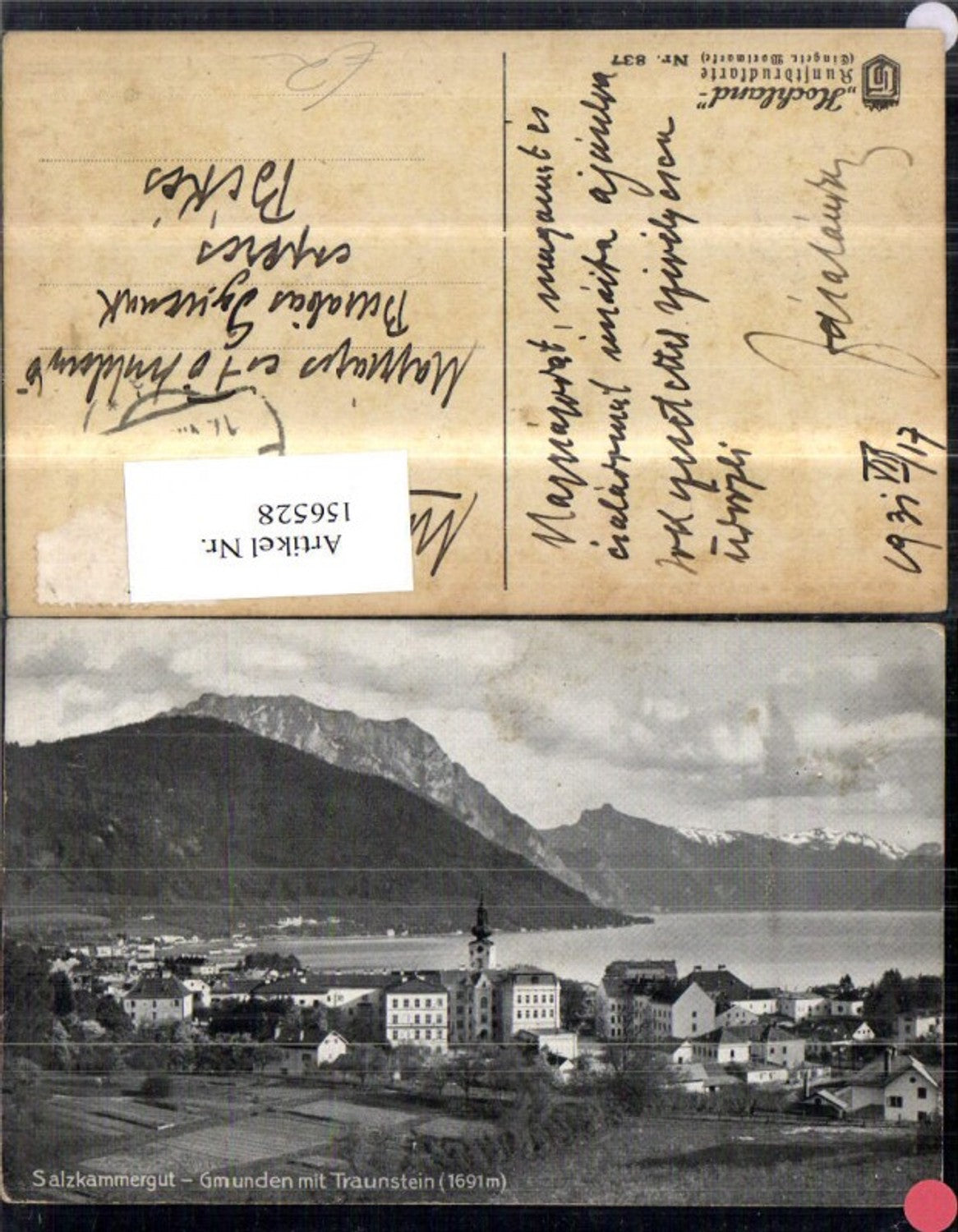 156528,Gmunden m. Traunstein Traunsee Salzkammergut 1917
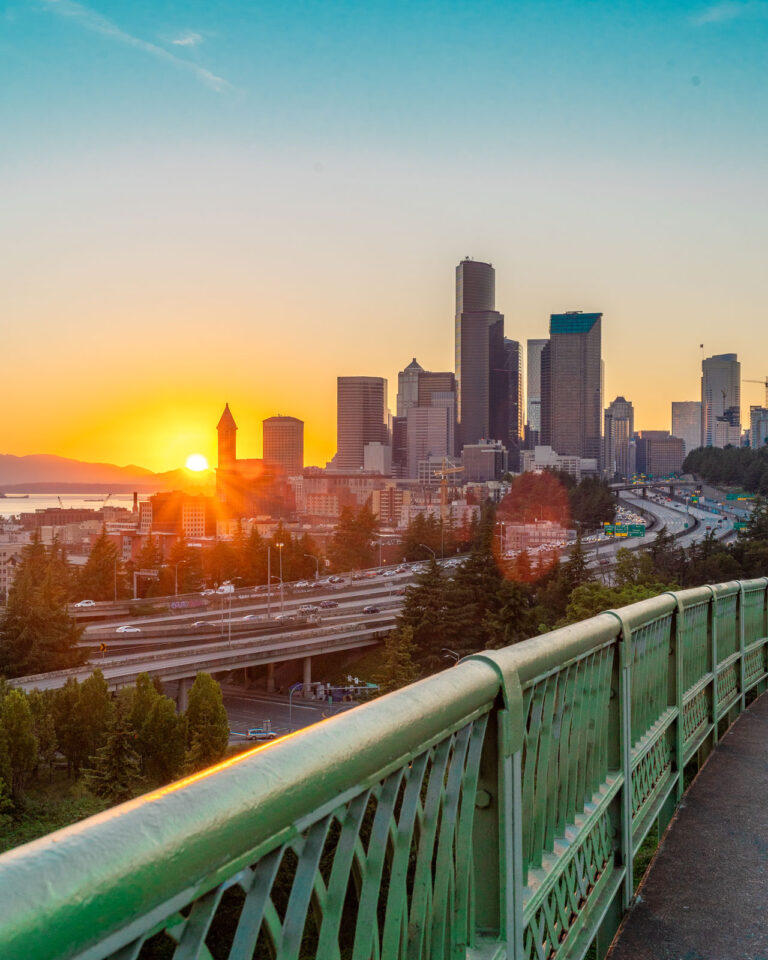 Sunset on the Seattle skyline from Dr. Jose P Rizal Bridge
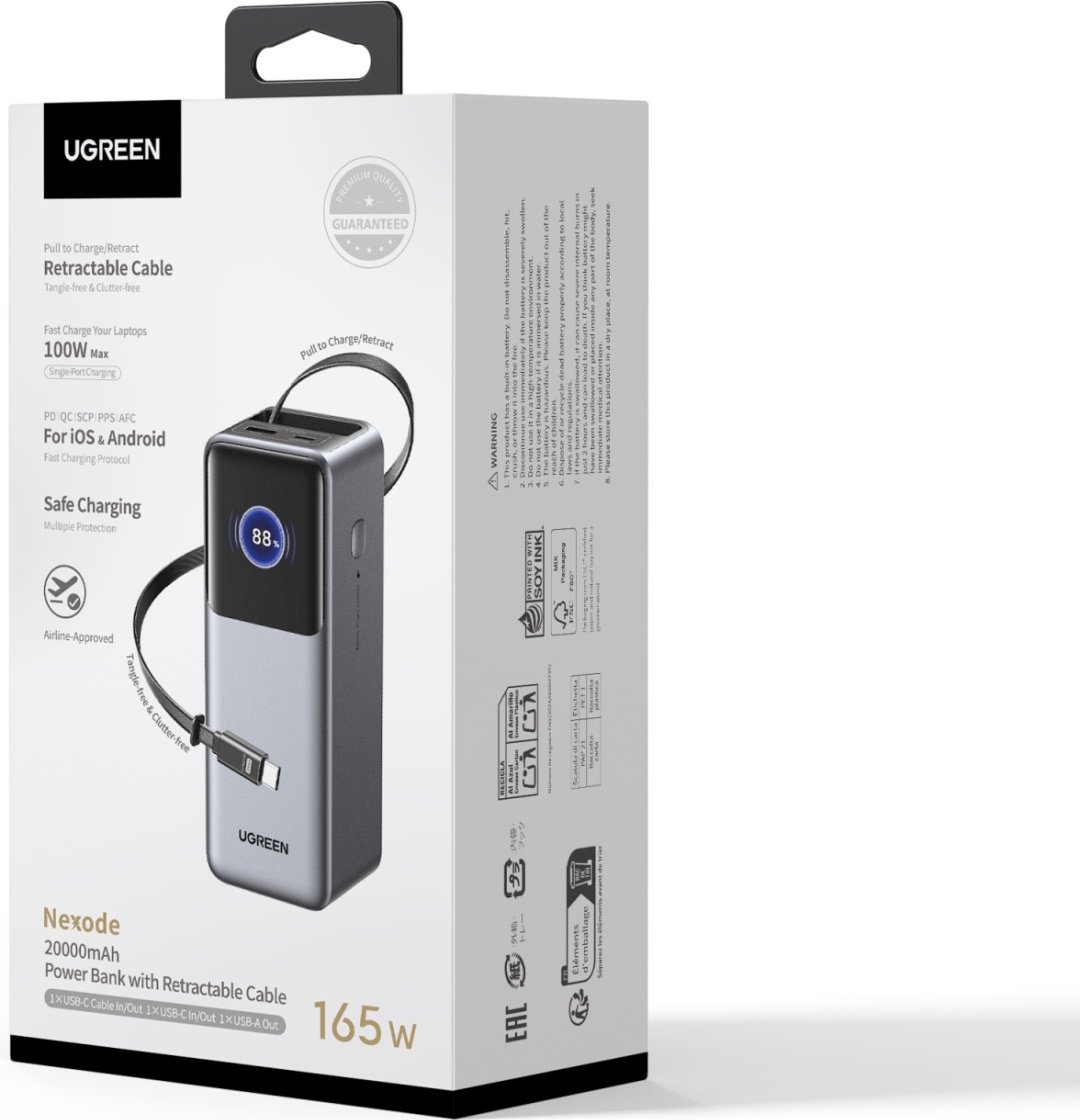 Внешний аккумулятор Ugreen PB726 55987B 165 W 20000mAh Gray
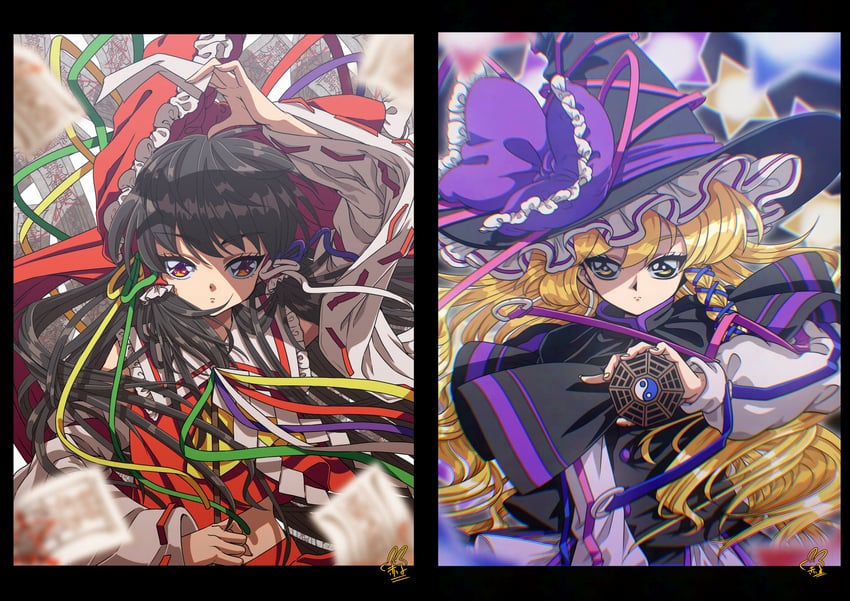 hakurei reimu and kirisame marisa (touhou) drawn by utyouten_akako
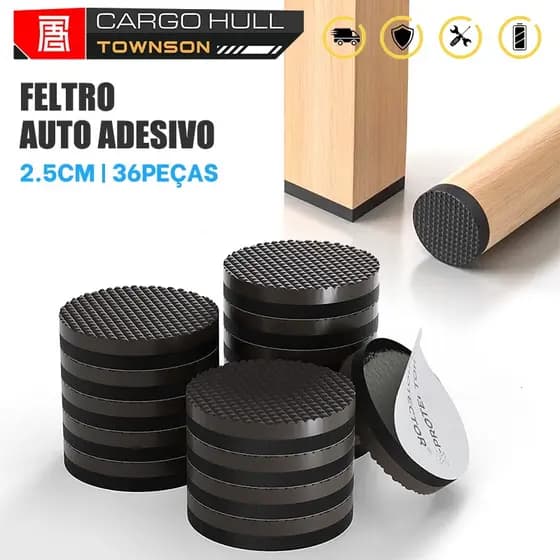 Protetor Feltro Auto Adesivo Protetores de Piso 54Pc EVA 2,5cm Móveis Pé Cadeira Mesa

* * *

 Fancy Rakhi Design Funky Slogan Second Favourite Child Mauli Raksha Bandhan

* * *

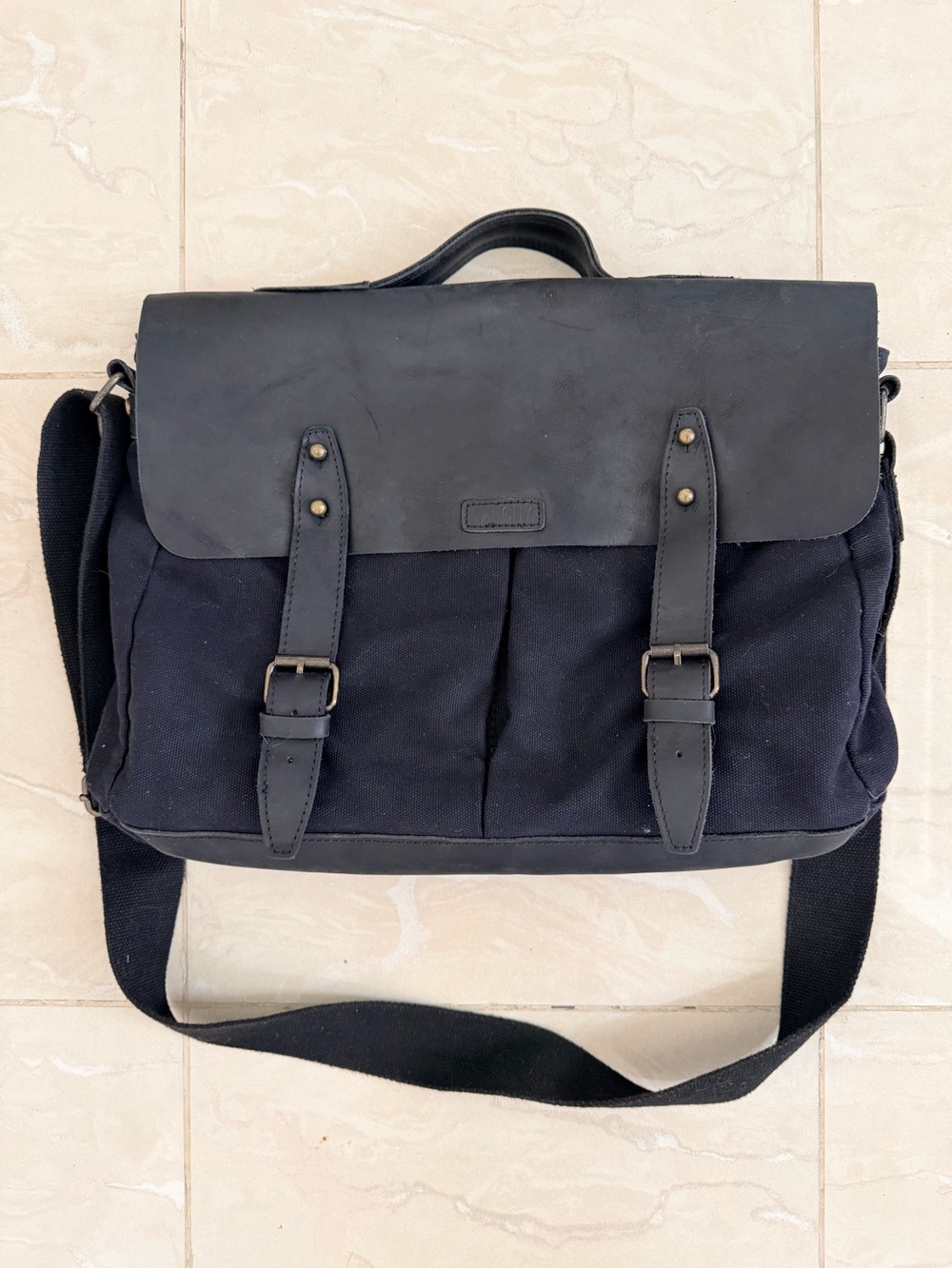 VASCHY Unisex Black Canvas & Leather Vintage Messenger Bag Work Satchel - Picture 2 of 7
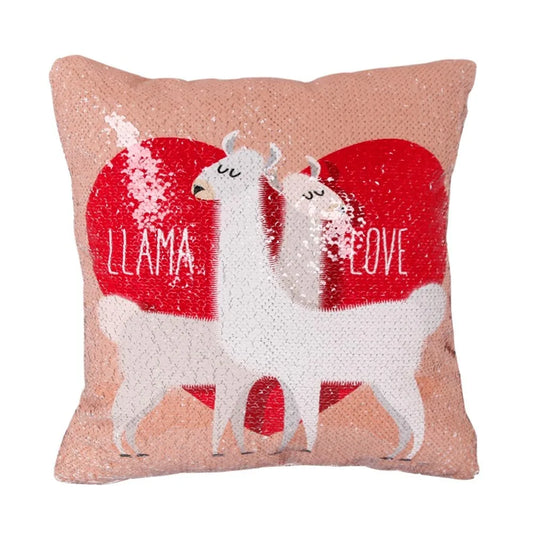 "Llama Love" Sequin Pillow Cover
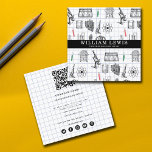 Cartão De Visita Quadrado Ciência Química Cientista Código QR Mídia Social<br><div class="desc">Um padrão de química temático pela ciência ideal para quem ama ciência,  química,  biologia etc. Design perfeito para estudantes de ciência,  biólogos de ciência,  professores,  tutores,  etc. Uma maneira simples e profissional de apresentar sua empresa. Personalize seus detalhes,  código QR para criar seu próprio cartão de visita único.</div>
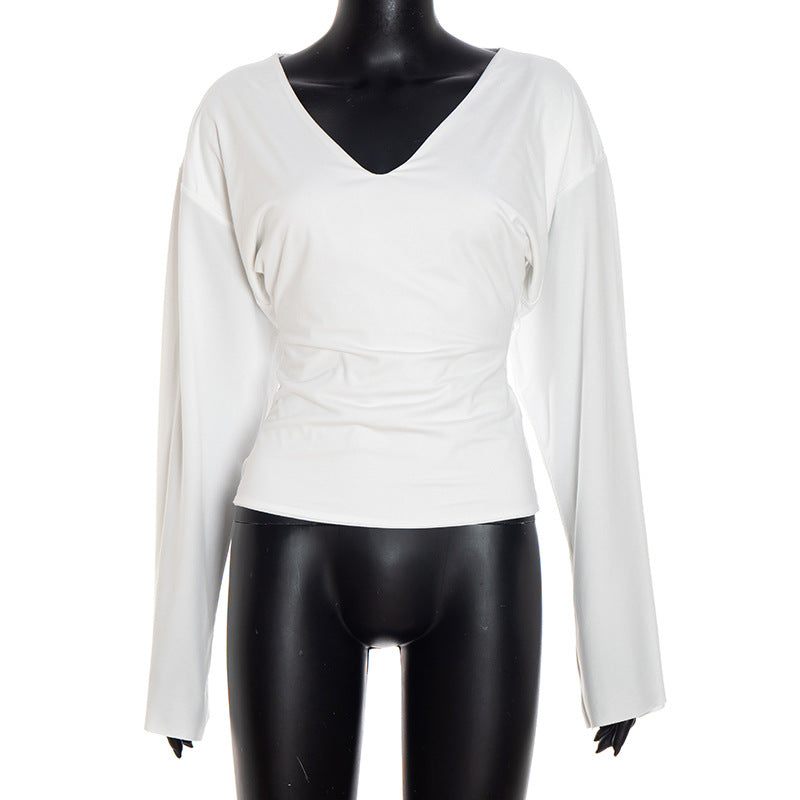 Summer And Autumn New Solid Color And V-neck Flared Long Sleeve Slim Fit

Task brief
Each line between the one holding "156528,Gmunden m. Traunstein" and the one holding "Protetor Feltro Auto", inclusive, should be copied exactly as it appears above, and pictures should be omitted.

Response to this exercise
 156528,Gmunden m. Traunstein Traunsee Salzkammergut 1917
 Sunset on the Seattle skyline from Dr. Jose P Rizal Bridge
 Внешний аккумулятор Ugreen PB726 55987B 165 W 20000mAh Gray
 hakurei reimu and kirisame marisa (touhou) drawn by utyouten_akako
 Protetor Feltro Auto Adesivo Protetores de Piso 54Pc EVA 2,5cm Móveis Pé Cadeira Mesa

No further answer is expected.